Figure 12: Pick the right signal to maintain DFT logic
When performing functional netlist ECO, it is common to swap between resettable and settable flop types. This operation is assumed to be a simple and straightforward swapping of the same flop instance. However, in figure 13, Cadence Conformal introduces a redundant approach by using a new settable type flop reg1_1 instead of directly converting the original flop to a settable type. The new flip-flop reg1_1 drives the original functional circuit, while the old flip-flop reg1 drives the scan chain fanout reg2. This approach presents two major issues. Firstly, the new flip-flop reg1_1 is not included in the scan chain. In situations where there are many such reset/set flop swaps (around 0.2% of all flop count), there will be an approximately 0.2% loss in ATPG at-speed coverage. Secondly, Conformal LEC fails to consider the new flip-flop reg1_1 as an equal key point of reg1, resulting in numerous non-equivalent points in the equivalence report after the ECO.
Figure 13: Cadence Conformal causes DFT coverage loss in resettable/settable flop swapping ECO
While, in the ECO shown in Figure 14, GOF utilizes a direct approach of changing the flip-flop type from resettable to settable, resulting in the preservation of the scan chain and ensuring that DFT coverage remains unaffected.
Figure 14: Resettable flop swapped to settable type in ECO
One error is common in Cadence Conformal ECO, "Error: Duplicate fanout branch # for net 'IN#'"
The issue typically arises in a scenario where a flip-flop (REG1) has its Q output connected to the parent level, and the same output is also connected to the scan input (SI) pin of another flip-flop (REG2). When an ECO is performed on REG1, such as changing its type to a set-type flip-flop, this can cause an error to occur in Conformal ECO, potentially leading to the tool stopping its operation.

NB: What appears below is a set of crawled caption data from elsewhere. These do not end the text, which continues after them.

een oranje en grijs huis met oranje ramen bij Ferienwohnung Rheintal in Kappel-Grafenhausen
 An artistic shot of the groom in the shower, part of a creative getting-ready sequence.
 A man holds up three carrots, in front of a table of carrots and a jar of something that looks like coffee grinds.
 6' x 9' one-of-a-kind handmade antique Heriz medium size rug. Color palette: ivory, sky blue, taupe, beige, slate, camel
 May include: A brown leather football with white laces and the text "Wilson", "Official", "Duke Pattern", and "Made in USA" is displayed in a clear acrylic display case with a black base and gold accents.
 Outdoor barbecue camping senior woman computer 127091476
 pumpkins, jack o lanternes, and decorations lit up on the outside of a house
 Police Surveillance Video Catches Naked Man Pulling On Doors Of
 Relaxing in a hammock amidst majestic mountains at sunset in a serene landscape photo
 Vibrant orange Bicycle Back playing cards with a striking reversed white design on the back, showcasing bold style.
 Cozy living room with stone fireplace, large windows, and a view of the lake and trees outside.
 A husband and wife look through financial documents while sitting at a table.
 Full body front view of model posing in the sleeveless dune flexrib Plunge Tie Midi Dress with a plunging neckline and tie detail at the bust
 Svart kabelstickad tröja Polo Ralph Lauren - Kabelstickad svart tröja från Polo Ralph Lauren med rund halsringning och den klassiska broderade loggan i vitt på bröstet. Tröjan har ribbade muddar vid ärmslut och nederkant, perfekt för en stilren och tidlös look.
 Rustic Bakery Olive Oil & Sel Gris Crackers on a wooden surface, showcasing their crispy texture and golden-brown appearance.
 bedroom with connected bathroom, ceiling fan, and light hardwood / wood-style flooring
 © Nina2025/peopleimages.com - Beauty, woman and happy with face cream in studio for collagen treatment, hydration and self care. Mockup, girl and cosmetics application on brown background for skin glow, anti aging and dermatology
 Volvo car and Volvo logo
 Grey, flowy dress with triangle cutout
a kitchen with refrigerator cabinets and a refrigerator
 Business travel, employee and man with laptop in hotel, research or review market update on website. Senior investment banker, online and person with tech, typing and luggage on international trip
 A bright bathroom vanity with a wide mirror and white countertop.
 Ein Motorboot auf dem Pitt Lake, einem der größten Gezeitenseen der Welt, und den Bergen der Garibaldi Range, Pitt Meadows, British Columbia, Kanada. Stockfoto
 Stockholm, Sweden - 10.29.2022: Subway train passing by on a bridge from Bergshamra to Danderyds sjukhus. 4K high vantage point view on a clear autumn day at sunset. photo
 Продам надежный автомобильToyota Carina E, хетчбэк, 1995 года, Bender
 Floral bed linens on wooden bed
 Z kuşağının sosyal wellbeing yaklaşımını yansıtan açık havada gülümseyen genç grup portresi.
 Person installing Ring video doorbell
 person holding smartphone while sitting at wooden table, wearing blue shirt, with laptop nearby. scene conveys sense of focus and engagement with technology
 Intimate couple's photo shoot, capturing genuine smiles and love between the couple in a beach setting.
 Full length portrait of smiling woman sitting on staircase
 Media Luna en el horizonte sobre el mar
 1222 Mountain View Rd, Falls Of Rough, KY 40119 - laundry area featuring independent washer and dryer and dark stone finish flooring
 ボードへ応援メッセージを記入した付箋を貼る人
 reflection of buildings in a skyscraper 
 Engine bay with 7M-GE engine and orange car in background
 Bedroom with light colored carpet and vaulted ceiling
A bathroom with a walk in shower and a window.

Figure 15: Cadence Conformal errors out in boundary wire changes
Based on the comparison between Conformal and GOF for ECO cases, it appears that GOF is a more efficient and reliable tool for ECO implementation. The issues with Conformal, such as poor performance in dealing with certain ECOs and bugs that affect its stability and performance, suggest that GOF is a better option for designers looking to achieve smaller patch sizes and more stable ECO runs. Overall, GOF is the more effective tool for implementing ECOs when compared to Conformal.